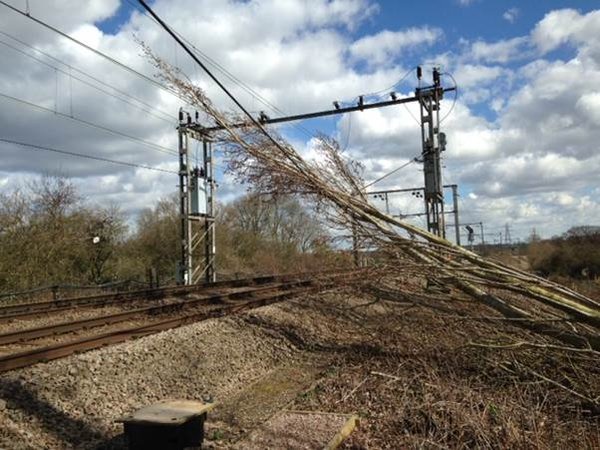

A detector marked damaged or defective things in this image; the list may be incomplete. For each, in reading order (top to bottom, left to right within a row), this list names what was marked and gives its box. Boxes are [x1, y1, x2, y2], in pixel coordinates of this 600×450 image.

rusty rail surface [0, 270, 352, 372]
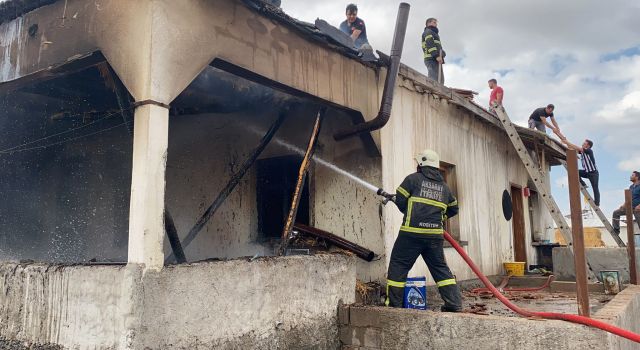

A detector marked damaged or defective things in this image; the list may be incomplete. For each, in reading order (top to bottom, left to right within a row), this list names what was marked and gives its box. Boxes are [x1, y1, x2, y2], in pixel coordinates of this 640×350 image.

fire damaged interior [0, 53, 380, 264]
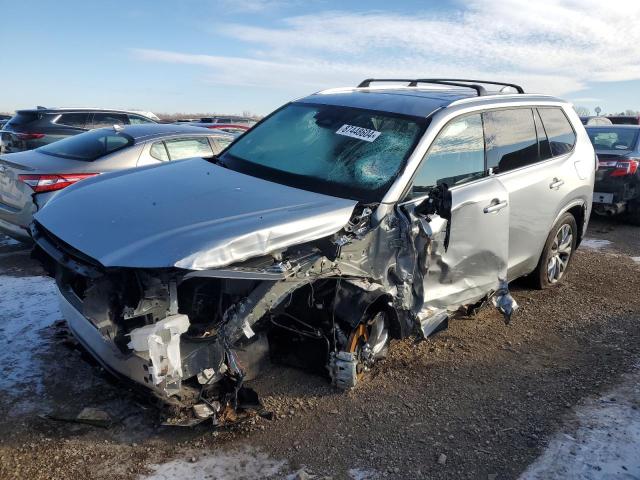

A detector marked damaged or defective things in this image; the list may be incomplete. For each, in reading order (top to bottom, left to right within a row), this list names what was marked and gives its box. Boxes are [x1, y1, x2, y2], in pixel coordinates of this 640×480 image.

bent hood [35, 158, 358, 268]
severely damaged suv [31, 79, 596, 416]
damaged door [400, 112, 510, 320]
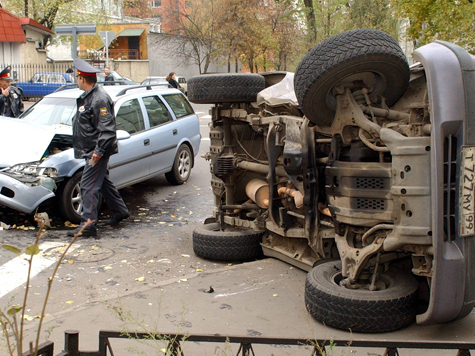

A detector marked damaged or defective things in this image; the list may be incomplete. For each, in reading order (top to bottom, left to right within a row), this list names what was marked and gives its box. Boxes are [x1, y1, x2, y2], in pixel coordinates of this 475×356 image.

crumpled car hood [0, 116, 71, 168]
damaged white car [0, 84, 201, 221]
overturned suv [187, 29, 475, 332]
damaged white car [188, 29, 475, 334]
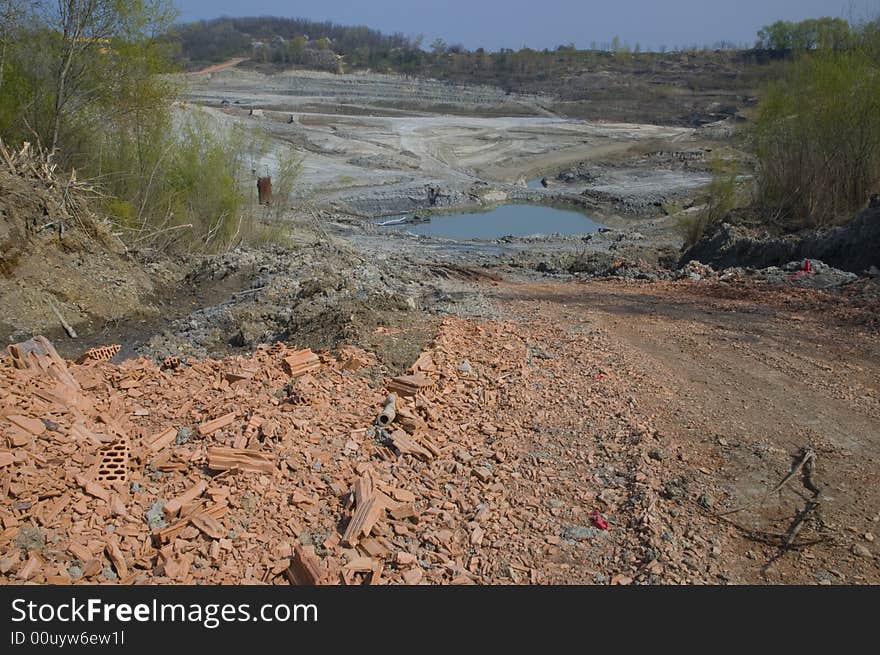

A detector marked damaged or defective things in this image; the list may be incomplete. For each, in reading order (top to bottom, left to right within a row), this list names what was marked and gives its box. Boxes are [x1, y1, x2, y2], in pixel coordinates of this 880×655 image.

pile of broken brick [0, 322, 524, 584]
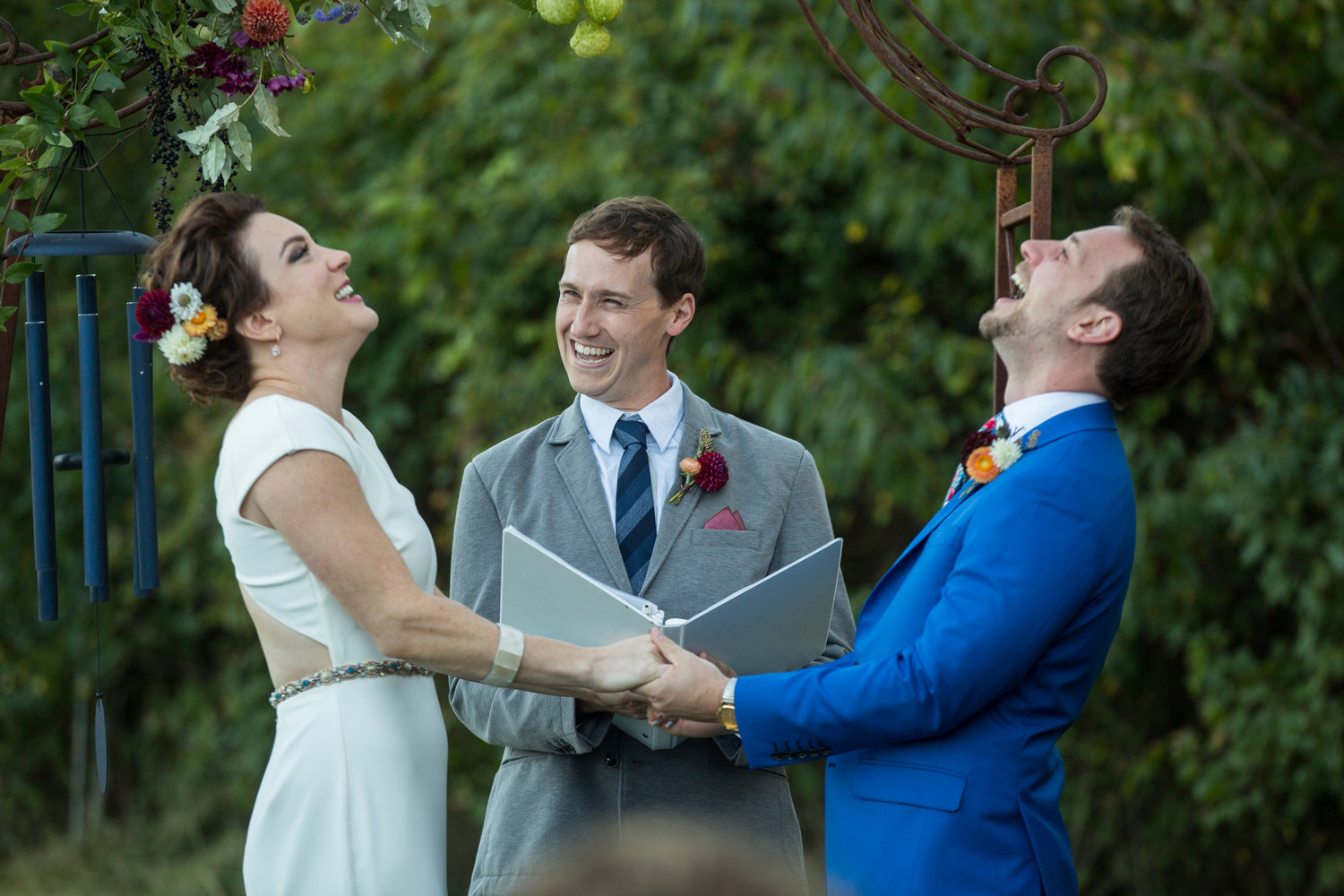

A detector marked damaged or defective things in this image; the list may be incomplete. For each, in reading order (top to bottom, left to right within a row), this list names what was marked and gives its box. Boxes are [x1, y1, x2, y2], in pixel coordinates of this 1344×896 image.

rusty metal arch [790, 0, 1107, 405]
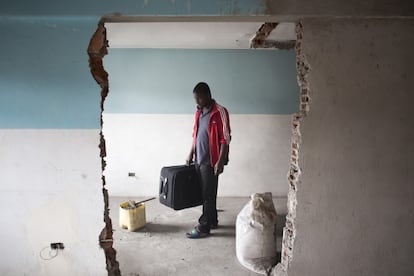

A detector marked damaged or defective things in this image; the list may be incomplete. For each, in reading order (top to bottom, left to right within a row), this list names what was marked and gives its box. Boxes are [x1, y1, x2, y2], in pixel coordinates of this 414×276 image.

crack in wall [87, 20, 120, 274]
crack in wall [274, 21, 308, 276]
broken concrete wall [286, 18, 414, 274]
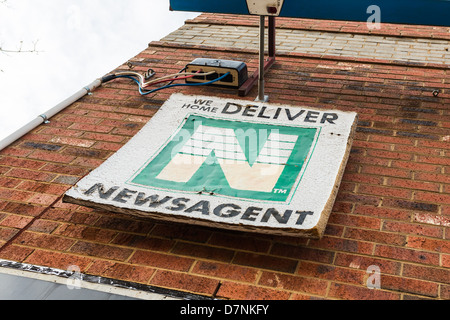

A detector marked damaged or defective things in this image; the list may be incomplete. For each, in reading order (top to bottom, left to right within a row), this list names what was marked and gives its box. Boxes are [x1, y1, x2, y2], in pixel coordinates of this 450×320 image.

peeling paint on sign [64, 92, 358, 238]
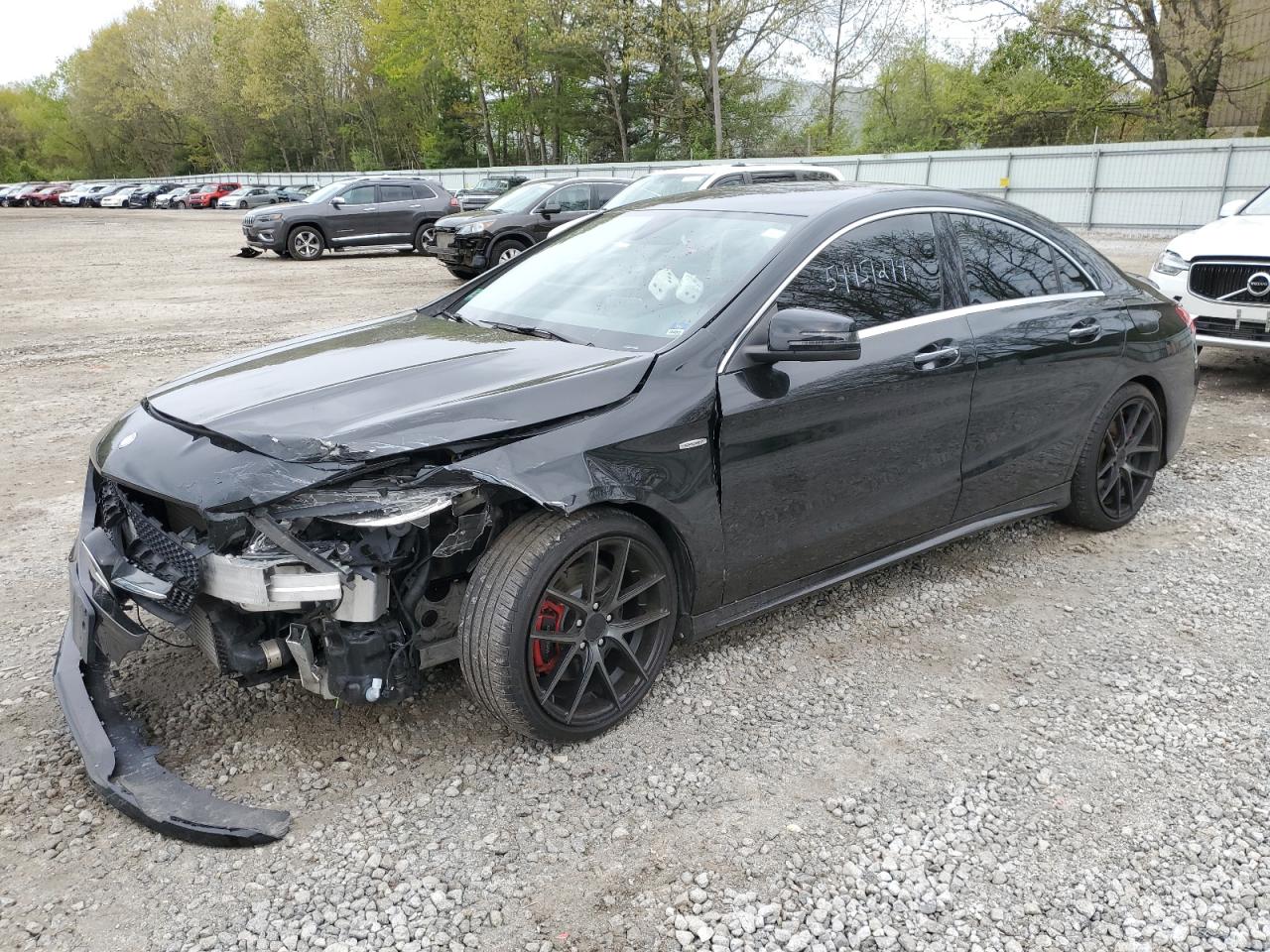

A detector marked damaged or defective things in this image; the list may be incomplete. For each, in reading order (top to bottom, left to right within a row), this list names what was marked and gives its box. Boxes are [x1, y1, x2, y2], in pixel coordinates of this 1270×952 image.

crumpled front bumper [52, 477, 291, 848]
broken headlight [270, 484, 477, 531]
dented hood [146, 310, 655, 464]
damaged black car [55, 183, 1194, 842]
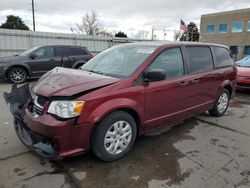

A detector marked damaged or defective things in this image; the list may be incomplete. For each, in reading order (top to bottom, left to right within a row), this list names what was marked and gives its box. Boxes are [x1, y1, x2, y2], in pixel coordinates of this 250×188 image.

damaged front bumper [3, 84, 59, 159]
cracked headlight [47, 100, 85, 118]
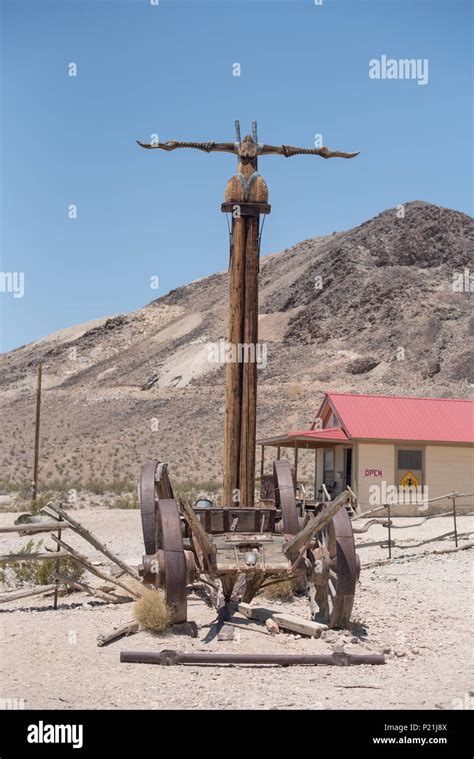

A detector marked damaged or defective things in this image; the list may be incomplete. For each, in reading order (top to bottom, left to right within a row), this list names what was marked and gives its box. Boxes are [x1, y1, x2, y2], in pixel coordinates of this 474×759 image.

rusty iron wheel [312, 504, 358, 628]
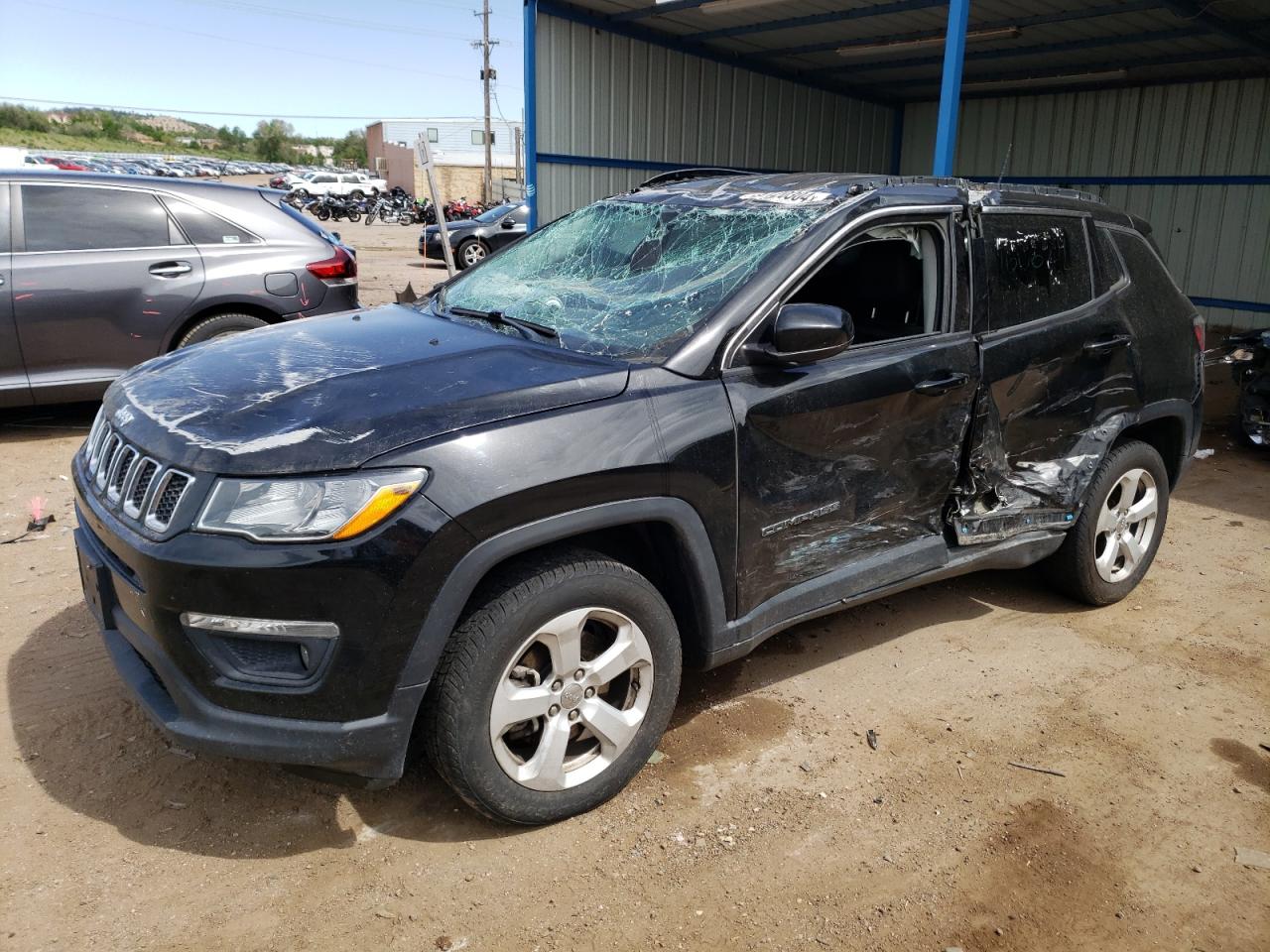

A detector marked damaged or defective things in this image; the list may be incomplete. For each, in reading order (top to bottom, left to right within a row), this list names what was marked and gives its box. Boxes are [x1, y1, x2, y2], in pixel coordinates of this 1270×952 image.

shattered windshield [437, 198, 823, 363]
damaged rear door [954, 207, 1148, 542]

-------------------------

## DESCRIPTION OF THE TASK
The copy must include every record exactly and none of the pictures.

## REPLY
A detector marked damaged or defective things in this image; the list may be incomplete. For each, in reading order (top to bottom, left to right within a row), this list names what was marked and gives its box. Boxes are [x1, y1, x2, y2], in pixel coordinates of this 600×450 image.

rusty rail surface [0, 270, 352, 372]

A detector marked damaged or defective things in this image; the list may be incomplete. For each, in reading order (top to bottom, left to right within a row), this list names what was marked and gives its box. Boxes are [x1, y1, x2, y2], in pixel coordinates of this 640×350 image.

fire damaged interior [0, 53, 380, 264]

A detector marked damaged or defective things in this image; the list may be incomplete. For each, in reading order (top to bottom, left to right within a row), this list names what was marked and gives its box. Boxes are [x1, y1, x2, y2], in pixel coordinates of this 640×480 image.

bent hood [35, 158, 358, 268]
severely damaged suv [31, 79, 596, 416]
damaged door [400, 112, 510, 320]

A detector marked damaged or defective things in this image; the list may be incomplete. For each, in reading order (top to bottom, left to right within a row), this list names what was marked and gives its box. Boxes are [x1, y1, x2, y2], in pixel coordinates of this 475×356 image.

crumpled car hood [0, 116, 71, 168]
damaged white car [0, 84, 201, 221]
overturned suv [187, 29, 475, 332]
damaged white car [188, 29, 475, 334]

A detector marked damaged or defective things in this image; the list may be incomplete. For each, in reading order (top to bottom, left to right within a row), this list names what was marked and gives its box. Boxes are [x1, y1, x2, y2], in pixel coordinates of this 880×655 image.

pile of broken brick [0, 322, 524, 584]

A detector marked damaged or defective things in this image; the list may be incomplete. For each, in reading order (top to bottom, left to right within a row), this list names what was marked and gives its box. Boxes are [x1, y1, x2, y2], in pixel coordinates of this 1344×896 image.

rusty metal arch [790, 0, 1107, 405]

A detector marked damaged or defective things in this image; the list may be incomplete. For each, in reading order (top to bottom, left to right within a row), this list names what was marked and gives its box. Boxes are [x1, y1, x2, y2], in pixel coordinates of this 414×276 image.

crack in wall [87, 20, 120, 274]
crack in wall [274, 21, 308, 276]
broken concrete wall [286, 18, 414, 274]

A detector marked damaged or defective things in this image; the list may be incomplete. For each, in reading order (top to bottom, left to right within a row), this list names what was marked and gives its box. Boxes are [x1, y1, x2, y2], in pixel coordinates of this 450×320 image.

peeling paint on sign [64, 92, 358, 238]

A detector marked damaged or defective things in this image; the list may be incomplete. For each, in reading order (top to bottom, left to right within a row), this list names what was marked and gives its box. Boxes are [x1, y1, x2, y2], in pixel coordinates of this 1270×952 image.

crumpled front bumper [52, 477, 291, 848]
broken headlight [270, 484, 477, 531]
dented hood [146, 310, 655, 464]
damaged black car [55, 183, 1194, 842]

A detector marked damaged or defective things in this image; the list may be incomplete. For each, in reading order (top to bottom, left to right within a row), this list names what was marked and gives its box. Boxes are [x1, y1, x2, y2], in pixel coordinates of this 250×188 image.

damaged front bumper [3, 84, 59, 159]
cracked headlight [47, 100, 85, 118]

A detector marked damaged or defective things in this image; the list may be incomplete. For each, in reading order (top to bottom, left to right within a row), this list names what was marked and gives its box. Boxes are [x1, y1, x2, y2], in pixel coordinates of this 474×759 image.

rusty iron wheel [312, 504, 358, 628]

A detector marked damaged or defective things in this image; the list may be incomplete. For each, in reading order (top to bottom, left to right within a row), this list names what was marked and gives its box. Boxes are [x1, y1, x2, y2], in pixel coordinates of this 1270×952 image.

shattered windshield [437, 198, 823, 363]
damaged rear door [954, 207, 1148, 542]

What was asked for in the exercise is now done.